Data listing
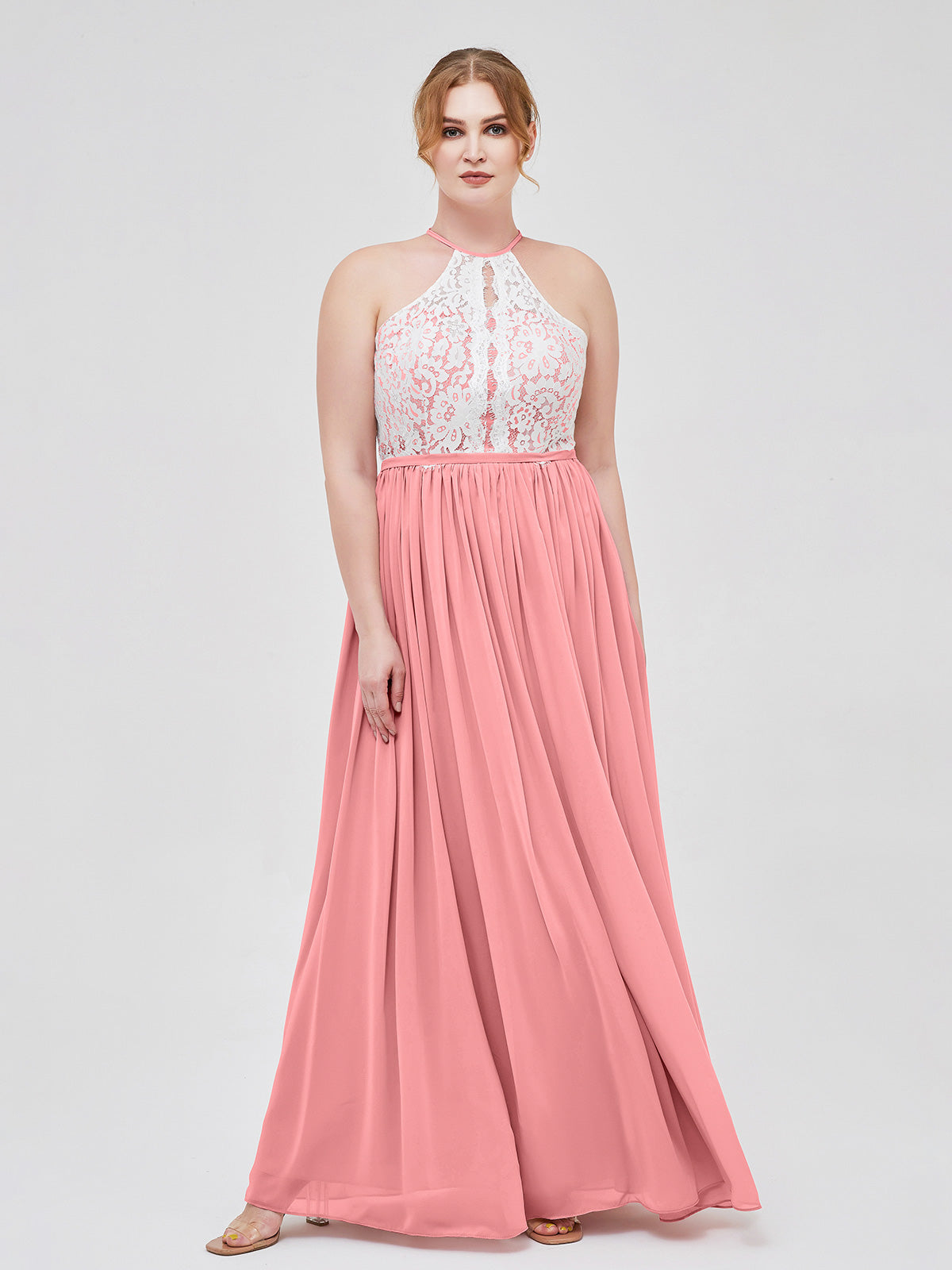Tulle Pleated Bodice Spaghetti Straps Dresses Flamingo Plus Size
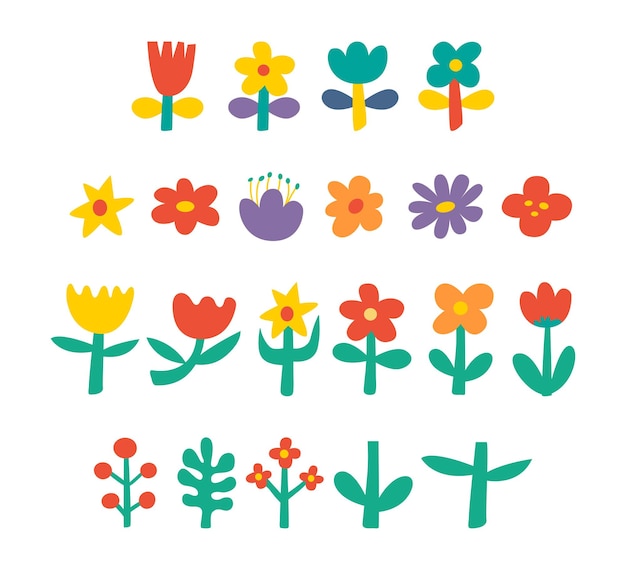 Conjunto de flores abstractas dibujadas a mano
---
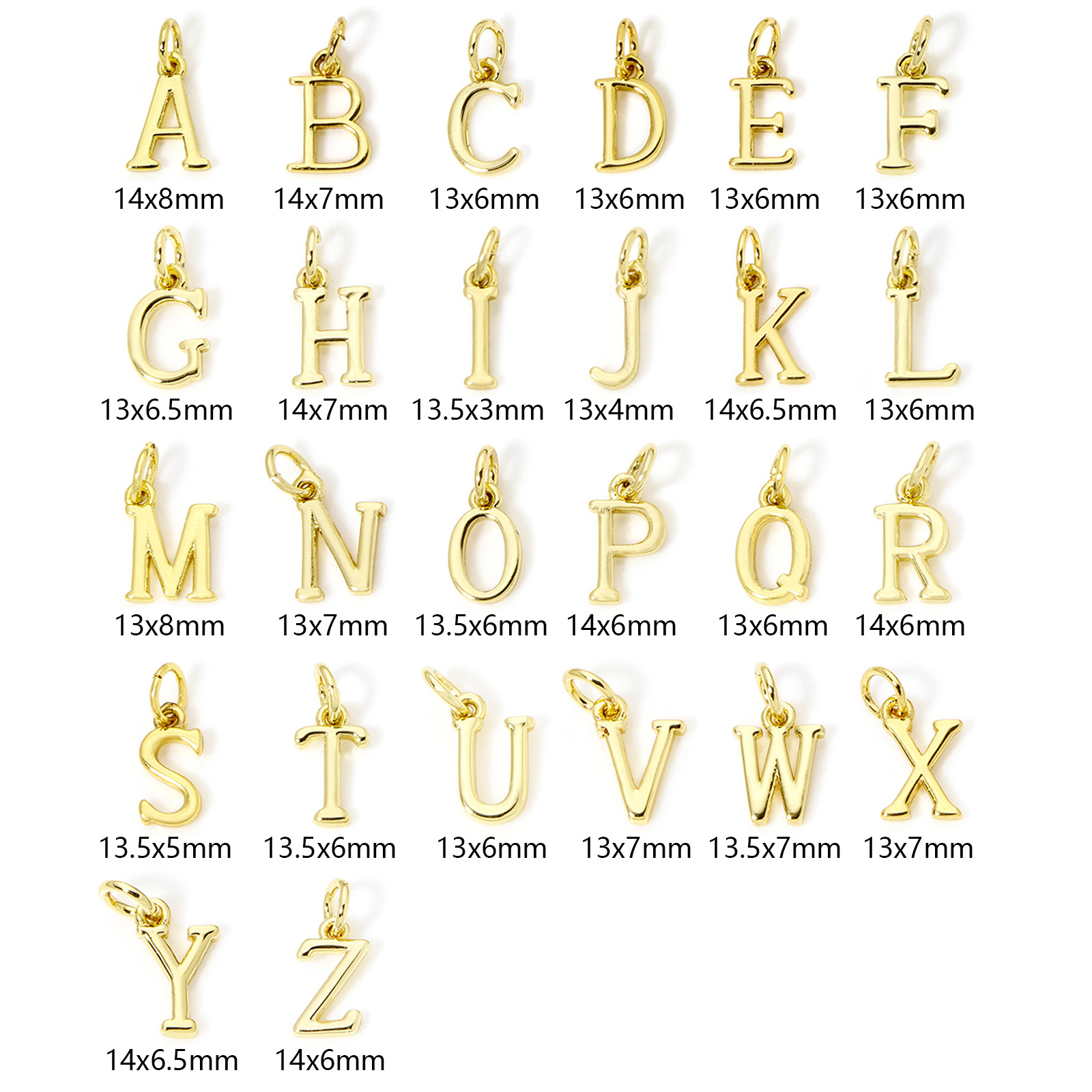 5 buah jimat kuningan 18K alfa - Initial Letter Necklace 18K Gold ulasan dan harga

What you should do
When you reach the line that has "Tulle Pleated Bodice" in the data above, start repeating lines exactly, and stop after the line that has "Conjunto de flores"; pictures stay out.

Task output
Tulle Pleated Bodice Spaghetti Straps Dresses Flamingo Plus Size
 Conjunto de flores abstractas dibujadas a mano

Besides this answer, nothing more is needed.